If you spent your young days suffering from Saturday night fever, then this is a show to rock you in your seat. It’s 80 minutes of sheer disco and noise with flashing lights, mirror balls, glitter costumes, and screaming vocals. And with those vocals came amazing verve and energy from all the performers. But on top of that there was circus, with strength and balance, aerial gymnastics, hoops, hula hoop comedy and skill, and dancing girls from the disco age.
I must admit that disco is a long way removed from my type of music, but I was carried along in the swirl of excitement the show produced. The audience went even further with screams of encouragement, gasps of disbelief and a rousing standing ovation at the end when the nine super-fit performers took their bows. They followed this with a lot of dancing in the aisles. The songs were straight disco and included, Boogie Wonderland, Everybody dance, It’s Raining Men, Turn the Beat Around, Shake Your Groove and I Feel Love.

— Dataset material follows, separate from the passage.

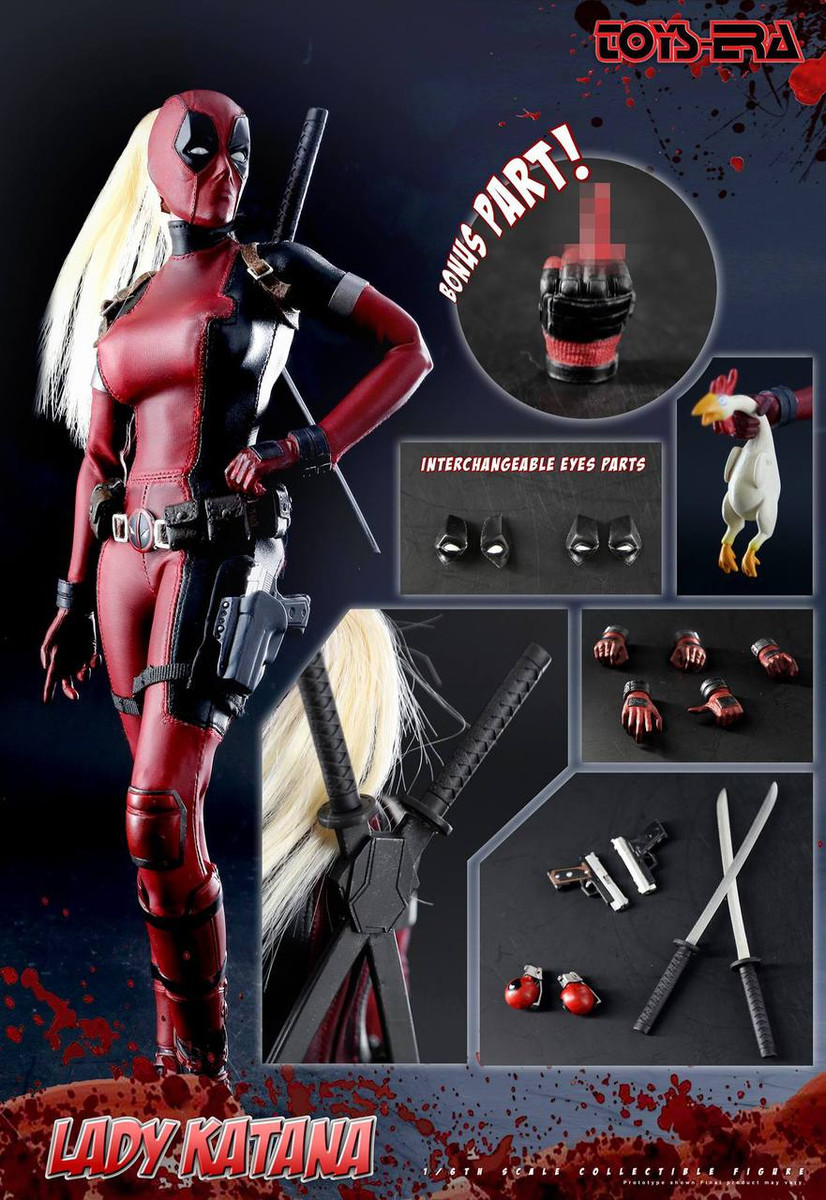 TOYS ERA CT011 1:6 Lady Katana Action Figure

The show is loosely based on the New York night spot Club 54, where in its heyday anything went, and a vague story of a man, played by Brendan Maclean, trying to find his way in life. Leading the array of talent was legend Marcia Hines who belted out her numbers in solo, backed by the incredible Rechelle Mansour and Chaska Halliday, or as a duet with Brendan Maclean, who has a voice, dance ability, and energy to be reckoned with.
The lights flashed and the music blared as we took our seats, all managed from a box high on the stage managed by Joe Accaria, who is also the musical director for the show and has worked with many of the top Australian and overseas stars. In the ever-changing mood of the non-stop show we had breaks of beauty with former Queensland Ballet dancer Emma Goh performing her graceful aerial hoop act and a whimsical balance strip act from German circus star Mirko K?ckenberger. Then there was strength from Stephen Williams, who also had a lot of S and M fun with leather and chains with Brendan Maclean.

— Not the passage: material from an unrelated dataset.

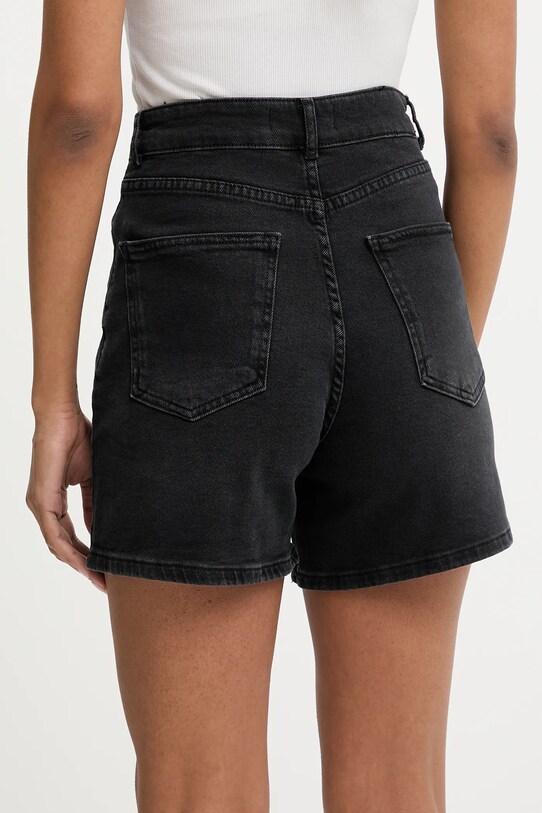 Îmbrăcăminte Answear Lab pantaloni scurti jeans BS305903.tos negru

But most of the laughs came from Scotsman Craig Reid the chubby, smiling “Incredible Hula Boy” who kept the audience happy with his antic and skill with lots of hula hoops. He showed amazing dexterity. Through all this talent though the stand-outs for me were Rechelle Mansour and Chaska Halliday, who hardly ever left the stage, and when they did it was for a costume change. Their dancing talent was superb and fast; their fitness unbelievable and the vocals they performed were top class.
I could have watched them all night – in fact I think I did – from my vantage seat directly in front of the runway.
Velvet is on at the Cremorne Theatre, QPAC, Brisbane till 15 May 2016. Bookings are available via www.qpac.com.au or 136246.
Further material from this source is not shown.